炎症が慢性化することでがんの発症につながると言われています。そのため、炎症(アレルギー)検査を受けて、自分の知らなかったアレルギーを知っておくことはとても大切である。 炎症、アレルギーのコントロールによい食べ物は、魚油、腸(乳酸菌、フラクトオリゴ糖)、ネバネバ(ムチン)系のものなどがよい。

●ブドウ糖

がん細胞の数を増やしていくには、莫大なエネルギーの産生と、細胞を構成する成分(核酸や細胞膜など)の合成が必要であるが、がん細胞におけるエネルギー産生と物質合成の主な材料がブドウ糖だからである。
がん細胞がブドウ糖を利用できなくすれば、がん細胞の増殖を抑え死滅させることもできる。正常な細胞はブドウ糖が無くても脂肪を燃焼させてエネルギーを産生でき、脂肪と蛋白質とビタミンとミネラルがあれば細胞を増やし、体を正常に維持することができる。
従って、炎症をコントロールする食事、食材がベスト。例えば、魚油、腸(乳酸菌、フラクトオリゴ糖)、ネバネバ(ムチン)がよい。

がん細胞が嫌う環境とは何?

●熱

がん細胞は42℃以上の温度の環境に生存しにくいと実証されているほか、近年温熱はがん細胞に様々な作用をもたらすほか、放射線や抗癌剤の効果を高めたり、免疫力を高めることも報告されている。

●酵素

2014年2月の熊本大学の尾池雄一教授(分子遺伝学)他の研究グループが、がん転移を促進するタンパク質を切断できる酵素があることを発表された。
私たちの体は、消化酵素(食べた物を消化するための酵素。酵素とは体内の化学反応を助けて活発にする成分)が不足すると、血液の流れが悪くなって、いろいろな病気を誘発してしまう。それを防ぐために、食物酵素(食物が持っている酵素)の豊富な食べ物をとり、酵素を補う必要がある。
また、酵素を多く取り入れることによって、血流がよくなるとも言われている。

ケトン体誘導食とは、がん細胞を兵糧攻めにして、がんが今より大きくならないようにする食事法である。つまり、カロリー補給をブドウ糖からケトン体に変えて、ブドウ糖が大好物のがん細胞は飢餓状態にすることによって、がん細胞が衰退させることでがん細胞の自然死を誘導する。

質疑応答

Q1.下咽頭がんで食道の入り口付近に腫瘍があるため、ムース食を食べている、他に何かよいものありますか?
小町先生:ムース食など柔らかいものばかり食べていると、筋力が弱り嚥下障害を起こしやすくなるので、舌を動かす運動をしたり、または首を回したりするとよいでしょう。また、メディカル・サプリメントを粉砕し流動食にして使用してもよいです。
Q2.以前オリゴ糖を摂取してお腹をこわしたことがあるのですが、オリゴ糖にはどのような種類があるのですか?
小町先生:オリゴ糖には、フラクトオリゴ糖と、ガラクトオリゴ糖がある。体によいフラクトオリゴ糖は、購入すると高いので、ニンニク、玉ねぎ、トマトなどの食品から摂って頂くとよいです。
Q3.果物は朝と夜いつ摂るのが好ましいですか?
小町先生:時間にはいろいろな説があるので、大切なのは食べてみてご自身の体の声を聞いてみてあげてください。また、果物は酵素が多く含まれているものを選んでください。 バナナは、加熱せず生で食べるようにしてください。

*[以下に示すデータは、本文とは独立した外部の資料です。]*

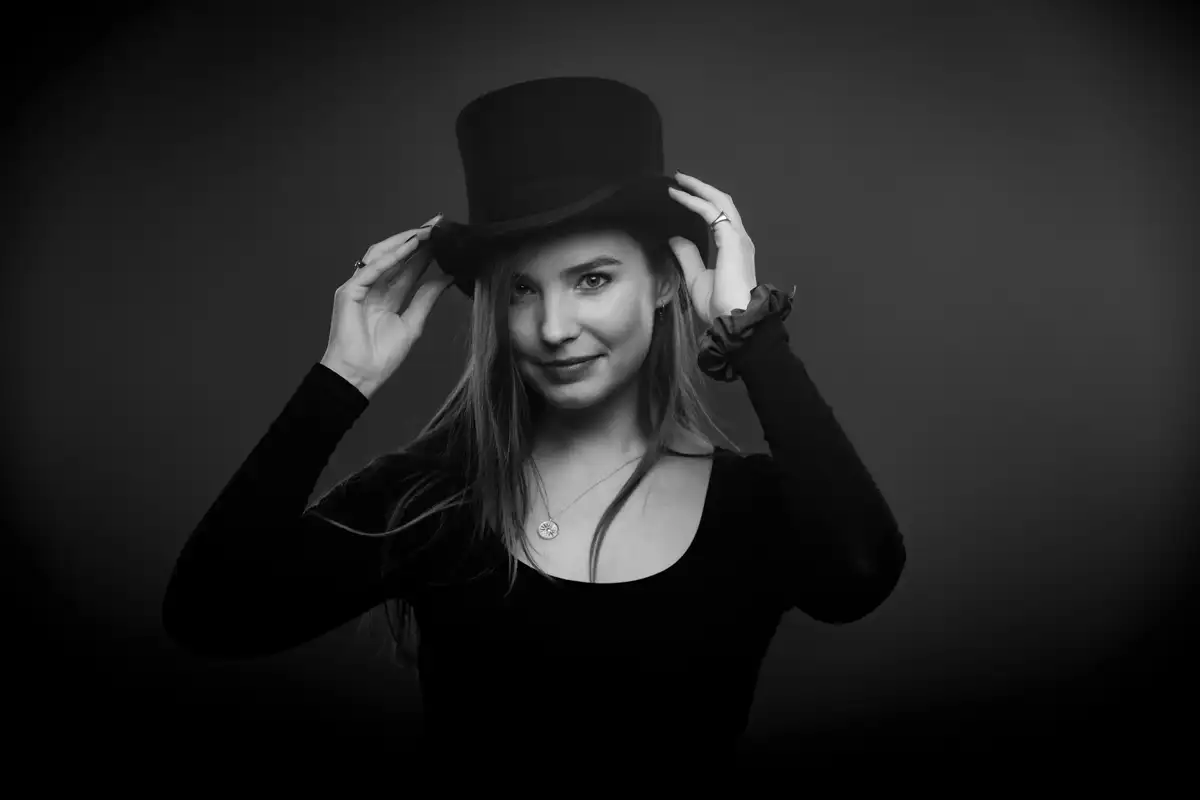 Photo portrait paris d'une jeune femme en studio avec une machine à fumée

今回の友の会を通じて改めて食の大切さ、特に食材や油の選び方などを知ることができて本当に良かったと、私たちスタッフはもちろん、参加者の皆さまからも飲食の重要性の理解ができて、大変ためになったとのお声をいただきました。

会合の最後、小町先生のご好意で、参加者の皆さまにオリジナルの「みそ玉」をプレゼントされ、和やかな雰囲気で会合を終了しました。

小町みち子先生プロフィール

愛知県出身/管理栄養士

東京農業大学卒。武蔵野調理師専門学校非常勤講師。予防医学指導士。代替医療カウンセラー。栄養補助食品指導士。

精神科クリニックにて、栄養療法による精神科医療に従事。また、生活習慣病の食事指導、ダイエットカウンセリングなど多数。フリーに転身後は広汎性発達障害児の回復食を中心に、食材の選び方・食べ方が心や性格に及ぼす影響を伝え、食卓からの心の病気改善に取り組んでいる。

著書に「超カンタン!15分おかず」「脳内汚染・心の病を治す栄養療法」「ちょっとお待ち!危険なダイエット」(監修)がある。